Lechterman notes, correctly, that my book provides limited guidance on “how to demarcate the line between public and private”: this is a question addressed much more comprehensively in his own theory (and in other recent works in political philosophy, e.g. Cordelli 2020). I do provide some broad guidelines: for example, on p. 80, I note that where outcomes do not have significant unchosen effects on other people, the case for democratic control over them is weakened. But Lechterman objects that we need more determinate principles for identifying public problems: “to know when and where democratic scrutiny is appropriate, we need some way of distinguishing matters of common concern from other matters.”
I understand Lechterman’s dissatisfaction, but I think that this gets it backwards. Whether something is a matter of common concern (and hence an appropriate target for democratization) is not a question that can be resolved prior to democratic scrutiny. To that extent, my argument is in the spirit of Jane Addams and her pragmatic conception of social progress. Whether something is a public problem cannot be answered independently of whether the relevant publics (including the people affected) perceive it to be a problem. Is the name above the door in an art gallery a matter of common concern? Plausibly not: those who don’t like it need not enter. If the name is Sackler and the year 2022, the answer may change: now, it is more plausible to see broader social and political relationships at stake in the ways that an institution honors its patrons. These are not questions that can be answered in the abstract, without considering the specific perspectives of the constituencies for whom these matters become (and who partly constitute these matters as) public problems.

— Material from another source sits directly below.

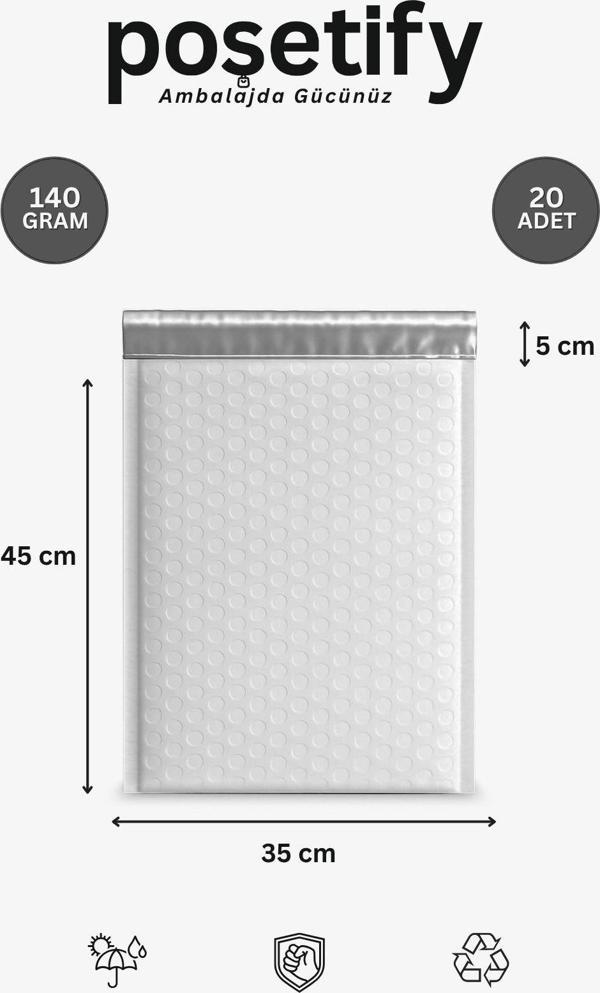 Poşetify Balonlu Beyaz Kargo Poşeti 35X45+5 Cm | 140 Gr Bantlı Patpatlı Kargo Poşeti | 20’Li E-Ticaret Poşeti - Image 1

This does leave open the possibility that, in some contexts, a public really might endorse or accept the philanthropic supply of some important goods. But this is a different scenario than the one that Lechterman considers. His worry is that, without an independent standard, we might need to conclude that the role of philanthropy in American democracy is already democratically legitimate: perhaps by declining to vote for “a greater state role in education, health care, or cultural preservation,” American citizens “are expressing that these matters (or significant aspects of them) are not in fact matters of common concern” (and are hence affirming the public role of philanthropy as not undemocratic). This conclusion would overlook important realities: significant communities affected by philanthropy in education, in health care, and in cultural institutions do express concerns about its role. This does not automatically condemn philanthropy as undemocratic. But—especially in light of democratic deficits in the political system—the concerns of such communities cannot be dismissed simply by pointing to putative authorizations of philanthropy’s role at the highest levels (national elections, or decisions by elected officials). We have reasons to favor more modular and direct attempts to address concentrations of control over outcomes that affect other people in common. Of course, this provides an indeterminate resolution for many important political debates. An important democratic concern about some philanthropy—especially in the form of large-scale, conditional or restricted giving—is the way that it truncates these debates, foreclosing in advance many options that relevant publics may wish to consider.